His new political beliefs turn against everything he built his fame on and every reason I supported him and his music. But even after his first couple tweets, I had to concede he was not wrong in saying Black people could be Republicans if they really wanted.

Today Kanye went much further than tweets and SNL rants about his personal political opinions. His platform is now allowing him to influence politics on a national level with a knowledge base that is unquestionably insufficient for the task.

Kanye West is “uniquely unqualified” (see what I did there?) to be helping craft policy for marginalized and forgotten Black communities. The complexities of the systemic injustices that stretch back to the first slave ship landing in Jamestown in 1619 take extensive research and analysis to understand. It is a dangerous and irresponsible use of his platform to propose policies based on “talking to people and living real life,” instead of researched and supported facts.

Kanye’s inability to understand the 13th Amendment is only the most recent evidence of his inability to grasp these issues. Before that, his isolation in Calabassas left him with no connection to the world around him. He didn’t even know what the Muslim Travel Ban was.

Sure, one woman did receive clemency as a result of Kim Kardashian’s meeting at the White House, but this is insignificant in the grand scheme of things.

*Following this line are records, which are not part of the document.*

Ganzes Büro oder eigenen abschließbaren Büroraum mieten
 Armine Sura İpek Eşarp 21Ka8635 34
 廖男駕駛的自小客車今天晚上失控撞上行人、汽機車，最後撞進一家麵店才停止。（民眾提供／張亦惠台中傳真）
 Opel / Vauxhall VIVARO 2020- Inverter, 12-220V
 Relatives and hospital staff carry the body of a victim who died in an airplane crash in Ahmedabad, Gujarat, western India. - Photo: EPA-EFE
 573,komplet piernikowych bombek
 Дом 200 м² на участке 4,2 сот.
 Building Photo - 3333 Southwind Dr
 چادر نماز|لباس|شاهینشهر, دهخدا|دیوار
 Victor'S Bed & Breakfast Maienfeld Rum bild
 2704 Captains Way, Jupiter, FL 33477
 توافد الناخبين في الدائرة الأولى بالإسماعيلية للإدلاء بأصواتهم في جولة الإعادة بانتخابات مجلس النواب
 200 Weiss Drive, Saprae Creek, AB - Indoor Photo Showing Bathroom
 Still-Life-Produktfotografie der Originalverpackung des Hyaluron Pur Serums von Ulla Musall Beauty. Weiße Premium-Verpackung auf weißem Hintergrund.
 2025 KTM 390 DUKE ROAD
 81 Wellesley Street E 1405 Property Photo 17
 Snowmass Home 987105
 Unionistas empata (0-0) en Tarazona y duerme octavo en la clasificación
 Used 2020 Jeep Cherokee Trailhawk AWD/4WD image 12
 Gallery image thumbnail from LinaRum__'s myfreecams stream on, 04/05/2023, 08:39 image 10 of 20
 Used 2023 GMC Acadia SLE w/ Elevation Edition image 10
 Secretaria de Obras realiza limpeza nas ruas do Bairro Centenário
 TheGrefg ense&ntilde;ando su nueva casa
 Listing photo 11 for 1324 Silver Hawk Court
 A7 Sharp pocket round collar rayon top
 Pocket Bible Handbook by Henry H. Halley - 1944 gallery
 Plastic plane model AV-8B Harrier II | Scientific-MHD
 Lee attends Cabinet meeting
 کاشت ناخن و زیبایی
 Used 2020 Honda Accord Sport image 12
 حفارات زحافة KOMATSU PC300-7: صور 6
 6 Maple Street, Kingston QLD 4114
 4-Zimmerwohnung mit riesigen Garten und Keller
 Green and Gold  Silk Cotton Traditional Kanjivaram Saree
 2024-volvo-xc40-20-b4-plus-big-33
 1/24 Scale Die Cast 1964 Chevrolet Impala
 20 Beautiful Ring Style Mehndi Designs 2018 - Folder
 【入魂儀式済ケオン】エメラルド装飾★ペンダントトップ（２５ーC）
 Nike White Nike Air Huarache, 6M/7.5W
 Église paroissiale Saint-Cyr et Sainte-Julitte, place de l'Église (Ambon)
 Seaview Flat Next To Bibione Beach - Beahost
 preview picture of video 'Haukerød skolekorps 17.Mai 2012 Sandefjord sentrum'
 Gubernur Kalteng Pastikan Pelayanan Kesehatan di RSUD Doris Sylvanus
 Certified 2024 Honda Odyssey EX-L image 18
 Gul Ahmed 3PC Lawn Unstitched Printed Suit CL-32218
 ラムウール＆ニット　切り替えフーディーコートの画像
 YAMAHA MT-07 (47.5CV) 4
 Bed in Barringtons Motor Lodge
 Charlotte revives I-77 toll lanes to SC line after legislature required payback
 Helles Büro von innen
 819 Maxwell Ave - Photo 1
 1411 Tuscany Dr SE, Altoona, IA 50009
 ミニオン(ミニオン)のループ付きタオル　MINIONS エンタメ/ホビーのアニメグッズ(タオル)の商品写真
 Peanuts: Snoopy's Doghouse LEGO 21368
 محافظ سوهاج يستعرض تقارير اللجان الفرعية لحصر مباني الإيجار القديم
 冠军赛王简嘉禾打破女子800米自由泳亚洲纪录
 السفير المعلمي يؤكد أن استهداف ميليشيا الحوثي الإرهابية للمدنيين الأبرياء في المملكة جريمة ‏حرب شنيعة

When the Justice Department is reversing Obama era policies that lessen penalties for non-violent drug offenders and literally ordering prosecutors to pursue the harshest possible charges against suspected criminals, one ceremonial clemency grant looks more like a cover up than a step toward real reform.

Kanye and Kim should not be the voices in this conversation. That responsibility should belong to people like Michelle Alexander, Bryan Stevenson and Angela Davis.

Even in this era of Trump, anti-intellectualism and reality TV politics should have no place in antiracist activism.